Alan Rawsthorne is a regrettably under-rated composer of great
individuality and craftsmanship. He has that trait of greatness
in a composer – an instantaneously recognisable ‘voice’. Any further
disc of his music is a welcome addition, and particularly this
one from Chandos, with these splendid performances.
The disc opens with
the first piano concerto, which was composed in 1939 for piano,
strings and percussion, and later re-scored for full orchestra
in 1942. It is an excellent work, with its opening movement Capriccio
full of energy – here given an effervescent performance by
Geoffrey Tozer, accompanied by the London Philharmonic Orchestra
under the assured direction of Matthias Bamert. The second movement
Chaconne has a curious combination of quirkiness and beauty,
and the final movement is a Tarantella, which Bambert invests
with a great sense of rhythmic drive, and a brilliantly whimsical
The second concerto
dates from 1951, and was written for, and first performed by Clifford
Curzon at the Festival of Britain at the Royal Festival Hall.
Tozer and Bamert are excellent ambassadors for this music, good
at capturing Rawsthorne’s quicksilver moods, from intense, introspective
and searching, through to extrovert and ostentatious.

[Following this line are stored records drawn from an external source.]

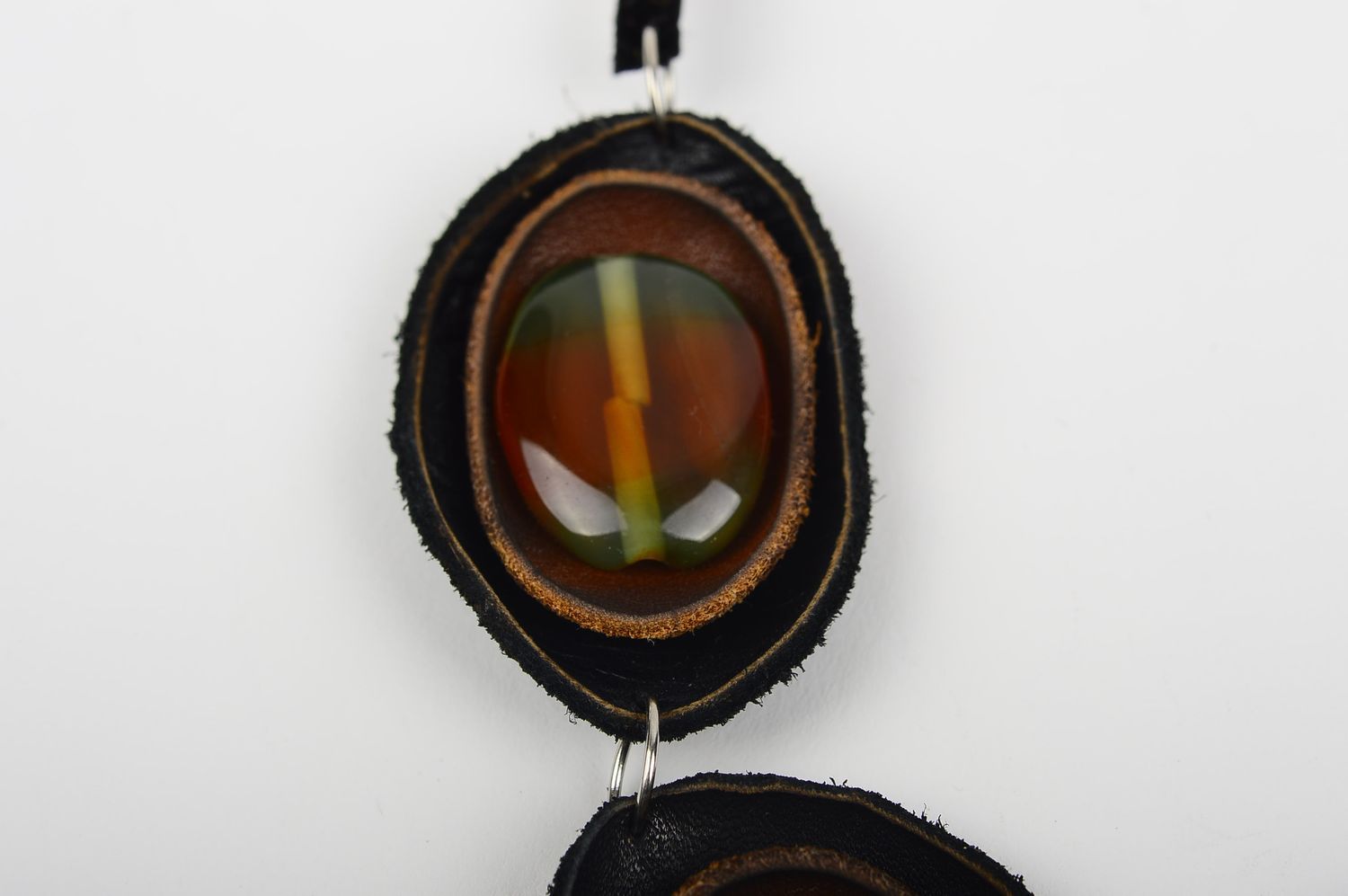 Кожаное колье подарок ручной работы с натуральными камнями массивное ожерелье фото 4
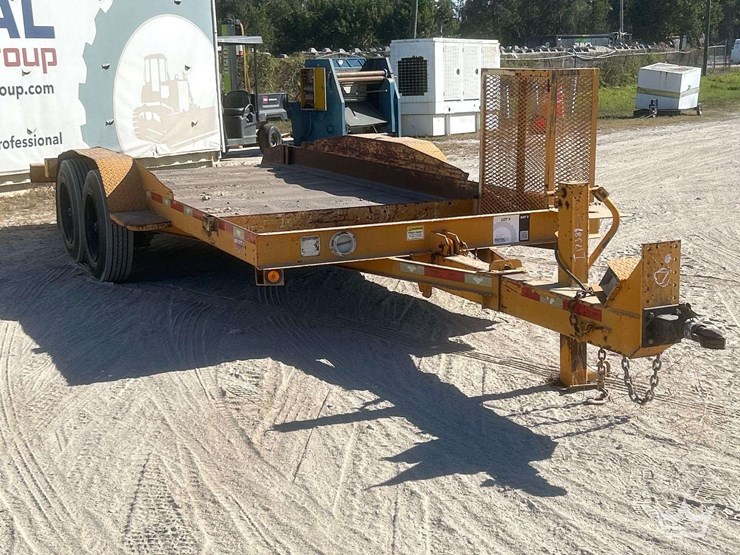 yellow-ball-trailer-image-2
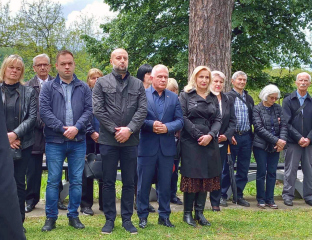 Глина - парастос српским жртвама усташког покоља
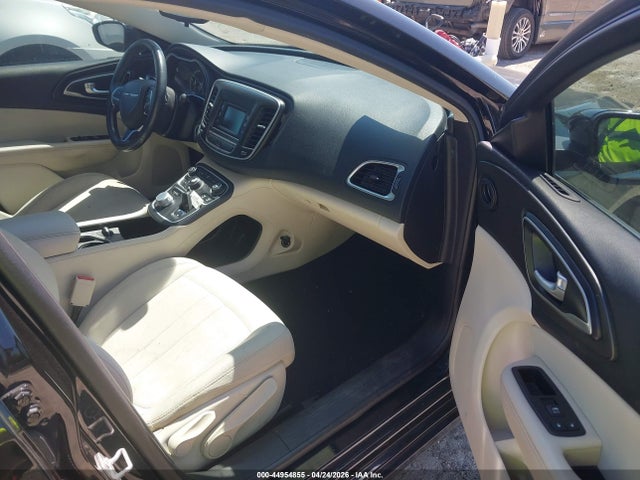44954855 :رقم المزاد ، 1C3CCCAB7FN743521 vin ، 2015 Chrysler 200 Limited مزاد بيع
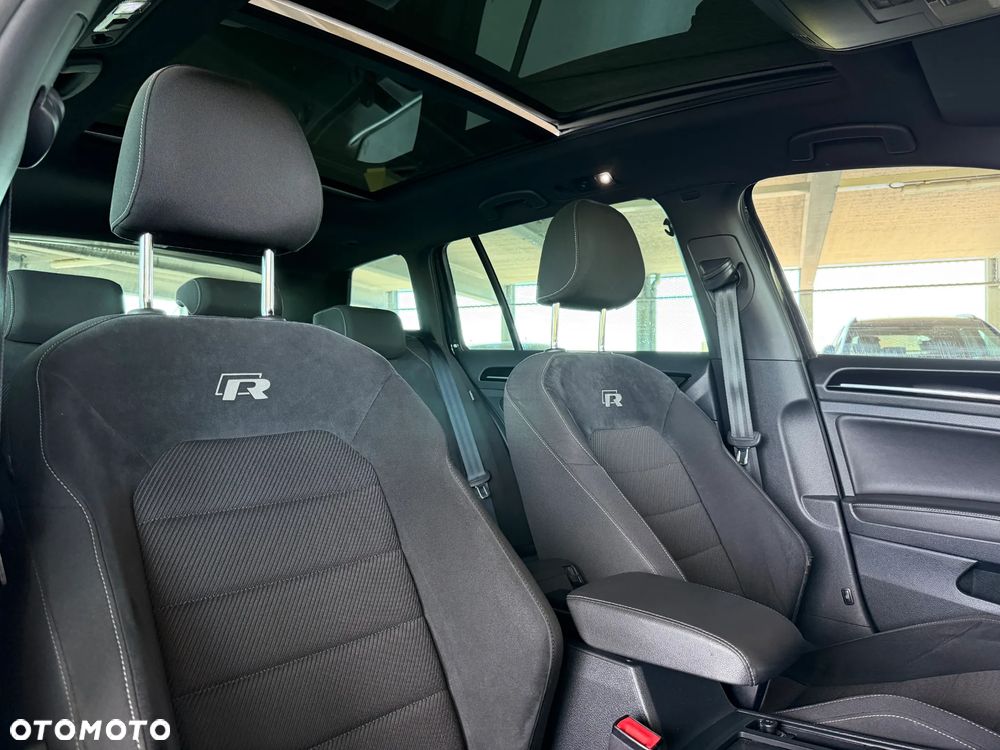 Volkswagen Golf - 9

We again
have a very assured and confident performance – lively and vibrant,
with a questing third movement Adagio semplice and a flamboyant
and exhilarating Allegro finale.
The disc concludes
with the concerto for two pianos and orchestra, composed three
years before Rawsthorne’s death in 1968, for John Ogdon and his
wife. They gave the premiere performance the same year at the
Proms. This is a more reflective and introverted piece, and Bamert
and Tozer bring a good searching and contemplative quality to
the music. The rather discordant second movement Adagio ma
non troppo is quite harrowing here, and yet the enigmatic
last movement Theme and Variations ends in a blaze of triumph.
The musicians all
clearly relished the considerable challenges of this wonderful
music, in sparkling and exuberant performances.